# Entry Point Notebook

This notebook serves as the entry point for the **Crash Course to REINFORCE** project. It demonstrates how to set up the environment, train the REINFORCE agent, evaluate its performance, and visualize the results. 

For deeper exploration see `Baselines.ipynb` and `Reinforece.ipynb`.

---

## Environment Description

This description encapsulates the key elements of the Highway environment. It explains how the various action spaces, controllers, state spaces, reward mechanisms, and observation modalities interact to create a complex, dynamic simulation. By referring to the formulas and explanations provided here, you can ensure that your agent configurations are well-informed and that the environment’s behavior is thoroughly documented.

### Action Spaces

The environment supports three distinct action spaces, allowing different levels of control abstraction:

- **Continuous Action Space:**  
  - **Acceleration ($a$):** The agent outputs a continuous acceleration in the range $[-5.0,\, 5.0]$ m/s².  
  - **Wheel Angle ($\delta$):** The agent outputs a continuous steering command (front wheel angle) in the range $\left[-\frac{\pi}{4},\,\frac{\pi}{4}\right]$ radians.  
  These actions are directly applied to the ego-vehicle’s kinematics (using the bicycle model) after clipping to the valid ranges.

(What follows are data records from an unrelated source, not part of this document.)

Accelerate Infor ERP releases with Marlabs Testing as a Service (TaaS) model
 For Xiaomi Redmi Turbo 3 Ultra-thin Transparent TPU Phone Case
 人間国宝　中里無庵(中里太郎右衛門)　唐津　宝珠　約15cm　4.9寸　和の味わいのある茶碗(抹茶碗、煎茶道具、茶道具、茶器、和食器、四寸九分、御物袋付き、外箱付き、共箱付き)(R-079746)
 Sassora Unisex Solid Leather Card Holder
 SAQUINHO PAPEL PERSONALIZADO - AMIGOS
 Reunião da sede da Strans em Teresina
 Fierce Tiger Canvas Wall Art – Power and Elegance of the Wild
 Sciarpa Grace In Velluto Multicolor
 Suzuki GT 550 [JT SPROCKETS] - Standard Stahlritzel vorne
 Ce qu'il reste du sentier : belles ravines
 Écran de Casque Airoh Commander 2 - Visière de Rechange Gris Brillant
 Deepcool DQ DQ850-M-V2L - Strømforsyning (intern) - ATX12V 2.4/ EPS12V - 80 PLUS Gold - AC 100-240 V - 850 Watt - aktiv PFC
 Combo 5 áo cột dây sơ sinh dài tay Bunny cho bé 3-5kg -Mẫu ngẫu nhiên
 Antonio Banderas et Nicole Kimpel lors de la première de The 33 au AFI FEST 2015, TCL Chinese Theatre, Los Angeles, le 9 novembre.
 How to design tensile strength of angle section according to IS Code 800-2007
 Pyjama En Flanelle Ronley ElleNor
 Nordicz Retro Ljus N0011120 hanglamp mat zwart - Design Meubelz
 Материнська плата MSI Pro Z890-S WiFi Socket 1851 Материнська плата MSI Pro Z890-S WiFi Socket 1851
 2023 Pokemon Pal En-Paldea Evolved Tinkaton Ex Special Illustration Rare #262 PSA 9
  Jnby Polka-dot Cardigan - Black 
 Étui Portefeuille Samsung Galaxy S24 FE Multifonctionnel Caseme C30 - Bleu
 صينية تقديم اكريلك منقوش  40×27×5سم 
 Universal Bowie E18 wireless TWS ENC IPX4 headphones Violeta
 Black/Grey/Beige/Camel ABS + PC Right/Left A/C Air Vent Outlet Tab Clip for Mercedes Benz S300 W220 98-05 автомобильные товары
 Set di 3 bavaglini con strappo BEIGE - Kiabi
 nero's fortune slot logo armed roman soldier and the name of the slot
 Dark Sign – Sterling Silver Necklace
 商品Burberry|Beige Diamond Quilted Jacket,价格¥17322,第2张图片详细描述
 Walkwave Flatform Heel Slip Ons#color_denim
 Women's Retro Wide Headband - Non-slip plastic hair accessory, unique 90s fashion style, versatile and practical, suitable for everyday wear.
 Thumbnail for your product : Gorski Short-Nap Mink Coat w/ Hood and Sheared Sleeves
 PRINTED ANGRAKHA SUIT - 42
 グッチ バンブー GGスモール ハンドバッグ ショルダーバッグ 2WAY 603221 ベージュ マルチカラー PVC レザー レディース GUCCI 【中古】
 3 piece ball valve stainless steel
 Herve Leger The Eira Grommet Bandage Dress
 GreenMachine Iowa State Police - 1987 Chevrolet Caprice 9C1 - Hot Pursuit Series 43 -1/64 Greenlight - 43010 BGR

- **Discrete Action Space:**  
  This is a quantized version of the continuous action space. By default, each continuous value is discretized into 3 levels. This space is useful when one wishes to restrict the agent to a finite set of control signals.

- **Discrete Meta-Action Space:**  
  This mode defines 5 high-level meta actions that the environment’s internal controller converts into continuous commands:
  - **0: LANE_LEFT** – Change to the left lane.
  - **1: IDLE** – Maintain the current lane.
  - **2: LANE_RIGHT** – Change to the right lane.
  - **3: FASTER** – Increase speed.
  - **4: SLOWER** – Decrease speed.

  The meta-actions are mapped internally to acceleration and steering commands via a built-in controller.

### Controller and Vehicle Dynamics

The environment features an integrated controller that converts meta actions or continuous signals into actual control inputs, based on two main modules:

- **Longitudinal Controller:**  
  A simple proportional controller is used to adjust acceleration:
  $$
  a = K_p\,(v_r - v)
  $$
  where:
    - $v_r$ is the reference speed (set by the meta-actions),
    - $v$ is the current speed,
    - $K_p = 1/\tau_a$ with $\tau_a = 0.6$.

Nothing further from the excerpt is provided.